L’une des institutrices décrit en ces termes cette école : « C’est beaucoup l’école des beurs. Il faut bien le dire. À mon arrivée, quand on a vu, chez moi, la liste de mes élèves on m’a demandé si j’avais pas été mutée en Algérie ! » Chez les deux autres, la comparaison avec les écoles au sein desquelles ils exerçaient jusqu’à cette année se fait prioritairement en référence à l’origine nationale supposée des enfants accueillis : « J’étais exactement dans le même type de quartier, le même type de population... J’en avais peut-être un peu plus qui venaient d’Afrique Noire, des Comores, mais c’est la seule différence, sinon après au niveau de la proportion de... d’immigrants c’était pareil ».
On peut d’ailleurs relever un paradoxe quant aux représentations des enseignants rencontrés : si eux-mêmes désignent le public accueilli dans l’école à travers des critères de différenciation ethnique, ils refusent de voir les élèves revendiquer une identité se référant à des critères de ce type, et mettant en concurrence l’identité « française » et l’identité « arabe » [20].
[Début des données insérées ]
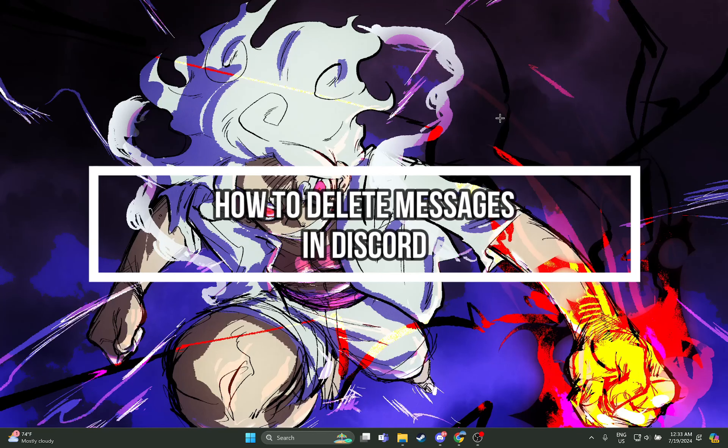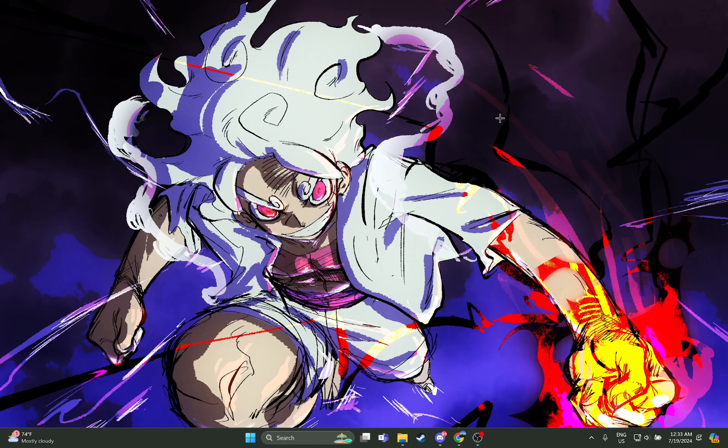Hey guys, welcome back to our channel Maple Gaming. In today's video I will be teaching you guys how you can delete all the messages on your Discord using PC or laptop. So at first, just open your Discord app.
Des observations directes menées entre septembre 2006 et janvier 2007 dans les structures d’accompagnement scolaire ont permis de renforcer l’hypothèse d’une assimilation par les acteurs concernés de l’allo-définition potentiellement stigmatisante par l’origine extra-nationale. Ce résultat est corroboré par le discours des enseignants rencontrés : « Il y a dans la bouche des enfants une distinction, "nous les Arabes, vous les Français ». Une autre rend ainsi compte d’un discours qu’elle dit récurrent de la part de ses élèves : « Je suis pas français, je suis arabe ». Et tous trois condamnent sans réserve ce type d’identification : « C’est surprenant, très inquiétant. Même pour des enfants qui sont nés en France, même pour ceux dont les parents sont nés en France. »
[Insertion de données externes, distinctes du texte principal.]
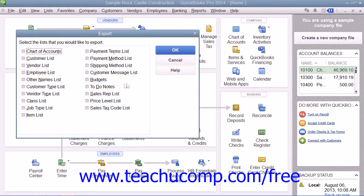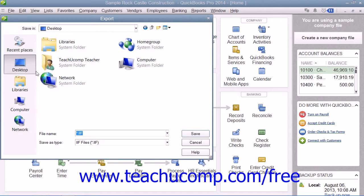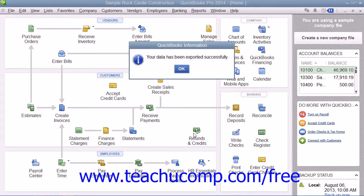In the next screen, you then choose which lists you would like to export to IIF files. Then click the OK button to continue and open the Export dialog box. Here you can select the folder into which you would like to save the export file and what you would like to name the file. When you're ready, click the Save button to save the IIF file with the information from the selected lists.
Le dernier enseignant, contrairement aux discours de ses deux collègues, n’invoque pas de justification principielle quant à son inquiétude de voir les enfants revendiquer un attribut ethnique. Il souligne que ces revendications sont potentiellement source de violence entre les élèves : « C’est plutôt « sale arabe », « sale gitan » ! » Il semble donc que les enseignants demandent aux élèves de respecter le principe républicain d’indifférence aux différences, alors qu’eux-mêmes n’hésitent pas à les désigner selon l’origine nationale qu’ils leur supposent.
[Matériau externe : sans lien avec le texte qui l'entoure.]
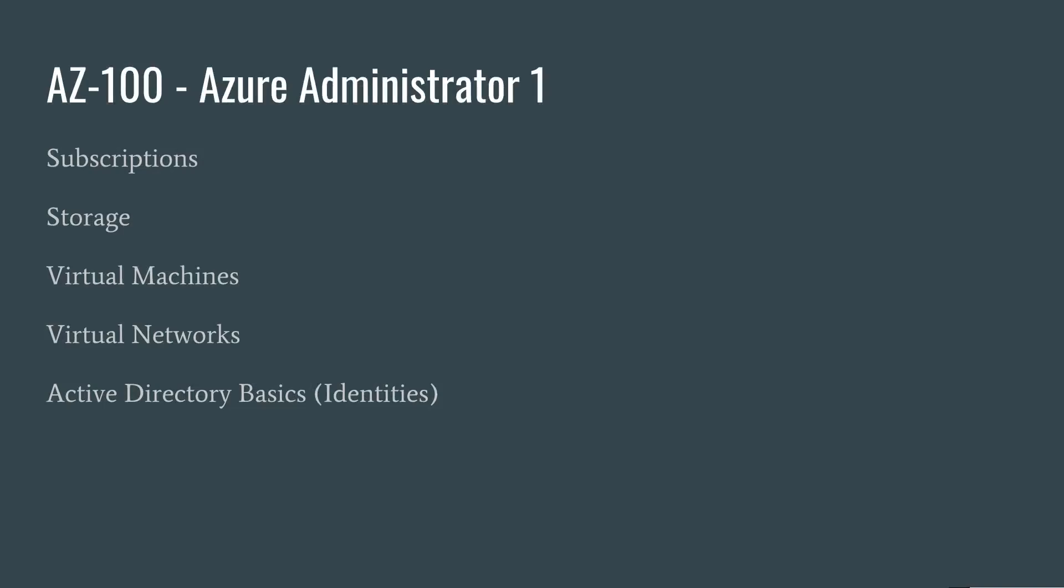So if we look at the requirements for AZ-100 which are already out in the beta at least, you can see that the exam 100 is actually the basic level of the administrator. It deals with overall managing subscriptions at the Azure level, storage, virtual machines, virtual networks, and the basics of Active Directory and identities. So that's all pretty basic standard stuff in terms of managing Microsoft Azure.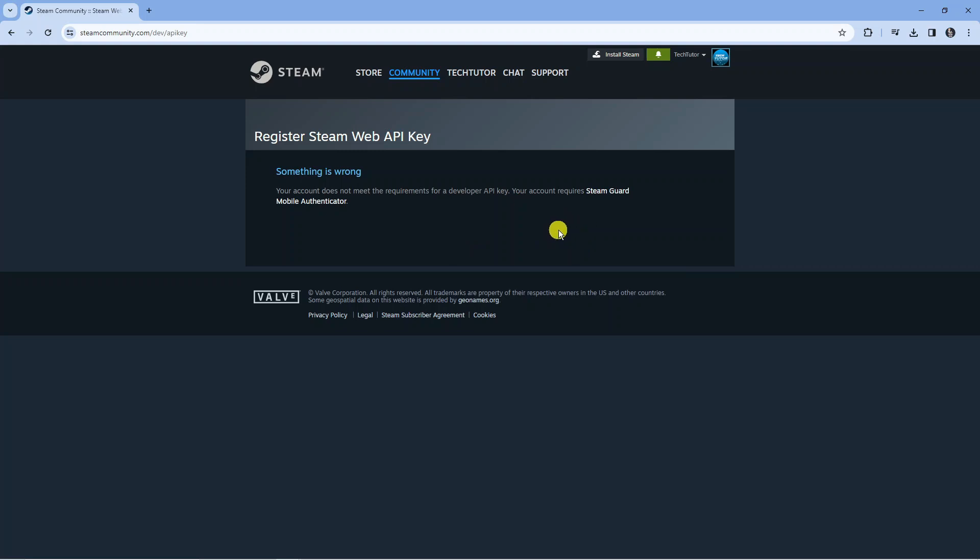That way you do meet the requirements for a developer API key. Also I believe you do need to have an active Steam account. So you can't just create a Steam account and try it that way. You need an active account where you've purchased some games within the previous 12 months.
Quels que soient les acteurs concernés, la référence à la catégorisation ethnique semble donc être fréquemment utilisée, pour stigmatiser, pour désigner une discrimination dont certains acteurs disent être les victimes, ou dans une visée compréhensive, pour justifier les difficultés du public concerné. Si l’assimilation du Jas-de-Bouffan à un quartier sensible est apparue à plusieurs reprises, on peut aussi noter que, dans les discours recueillis in situ, lors des séances d’accompagnement scolaire, comme dans les entretiens avec les parents, une distinction est opérée entre le Jas-de-Bouffan et le centre-ville. La première question des enfants est souvent « Tu vis au Jas ou à Aix ? » et les parents parlent du quartier comme d’un territoire géographique extérieur à la ville.